In the instant case, movant was the sole defendant on trial. The state did not call the three witnesses complained of, but rather the movant called them in defense for the purpose of establishing his non-presence at the scene and non-participation in the offense. On cross-examination the state inquired of each witness whether he had previously stated that mov-*932ant was present and did participate in the offense, to which each witness answered that he had not made any such statement. This was proper cross-examination. On rebuttal the state called certain police officers to impeach the testimony of the three witnesses by the officers’ testimony that each had previously stated that mov-ant was present and did participate in the offense. We hold that this was proper rebuttal and that movant was not denied constitutional rights of confrontation. Bruton, supra, Douglas, supra, and the other cases cited by movant do not control the instant case. The point is ruled against movant.

The third point asserted on this appeal is that “The Court erred in finding that Appellant was not denied a fair trial regardless of the fact that he did not have the benefit of one of his material witnesses at the trial and even though he was not advised by his counsel that he had a right to request a continuance until the witness’ testimony might be available.” The missing witness, Stanley Windsor, testified at the 27.26 hearing. The trial court found as follows:.
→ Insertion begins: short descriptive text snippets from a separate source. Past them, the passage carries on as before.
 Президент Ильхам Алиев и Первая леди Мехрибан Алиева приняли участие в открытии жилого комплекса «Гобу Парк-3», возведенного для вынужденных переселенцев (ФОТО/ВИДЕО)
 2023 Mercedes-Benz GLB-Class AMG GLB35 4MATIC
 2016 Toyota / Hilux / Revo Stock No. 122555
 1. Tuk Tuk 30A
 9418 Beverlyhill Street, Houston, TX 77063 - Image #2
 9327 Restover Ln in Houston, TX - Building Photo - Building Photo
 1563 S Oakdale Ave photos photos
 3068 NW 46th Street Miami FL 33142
“The final point presented by movant is that he was denied a fair trial for the reason that the trial was held at a time when an alibi witness, namely Stanley Windsor, was out of the country and in the armed services and not available to testify in behalf of movant. He concedes that no request for a continuance was made but contends that he was not advised by his counsel ‘of his right to request a continuance.’ He argues that under Supreme Court Criminal Rule 25.08 he was entitled to seek a continuance because of the absence of witness Windsor; that the determination to request a continuance or go to trial was not within the discretion of his counsel but was within the discretion of movant and unless advised of his right could not be ‘waived’ by him.
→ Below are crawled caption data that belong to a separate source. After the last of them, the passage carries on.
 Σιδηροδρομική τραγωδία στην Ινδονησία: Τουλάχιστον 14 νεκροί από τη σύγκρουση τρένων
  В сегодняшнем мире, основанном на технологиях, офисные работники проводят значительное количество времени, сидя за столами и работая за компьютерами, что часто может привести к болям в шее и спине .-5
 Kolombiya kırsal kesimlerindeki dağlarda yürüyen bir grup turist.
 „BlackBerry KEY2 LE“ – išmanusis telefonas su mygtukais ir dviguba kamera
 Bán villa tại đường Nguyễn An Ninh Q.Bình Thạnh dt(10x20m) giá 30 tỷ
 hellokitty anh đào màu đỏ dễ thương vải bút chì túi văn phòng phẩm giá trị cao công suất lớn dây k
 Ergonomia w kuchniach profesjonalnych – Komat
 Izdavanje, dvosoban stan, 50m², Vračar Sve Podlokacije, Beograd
“Movant would elevate the privilege of requesting a continuance under the limited and restricted provisions of Rule 25.08 to a right of apparently constitutional significance. No authority for this position is cited and the Court has found none. Mov-ant does not question the ‘competency, ability, or integrity of his counsel.’ It would, of course, be fruitless to do as he was represented by an attorney admittedly experienced in criminal law and with a substantial practice in the criminal divisions of this Court. Movant could not have made the required affidavit for a continuance since he did not (a) know the whereabouts of Windsor, (b) could not swear to what in fact he would testify to, (c) could not set forth the probability of procuring his testimony and within what time, all of which was required by the Rule. The case had been previously continued on three occasions, once on behalf of defendant. Under the circumstances movant has failed to offer any evidence which would establish that he would have been entitled to a continuance as a matter of law or that the Court would or should have exercised its discretion in granting a continuance under the circumstances.

“Furthermore, movant fails to offer any evidence from which it can be reasonably inferred that he was prejudiced in any way by reason of the absence of Windsor. Windsor testified at the hearing he and movant were together between 12:15 and 4:00 P.M. on May 1, 1965, the day of the robbery. He was not inducted into the army until September 17, 1965. He knew movant had been arrested for a crime occurring on May 1, 1965, but never advised anyone that Covington was with him on that date. Emma Jean Bradley testified for the defendant that she spent the night of April 30, 1965, with defendant at the Carousel Motel and was with Covington until 1:30 P.M. on May 1st. , Covington testified that he was at the Carousel Motel with her until 1:00 or 1:30 on Saturday after which he took her to her home. He then went downtown, bought some shoes and went to the parking lot where he talked to Windsor ‘maybe a half hour, 15, 20 minutes, and left there and went home.’ Covington’s own testimony obviously conflicts with Windsor *933who had them together from 12:15 to 4:00 P.M. Conceding that such conflicts in testimony are for the jury and not the Court to resolve, nevertheless coming in part, as it does, from movant himself, the conflict is material and relevant to the issue which movant now undertakes to raise; to-wit, that he was deprived of a fair trial by the absence of Windsor.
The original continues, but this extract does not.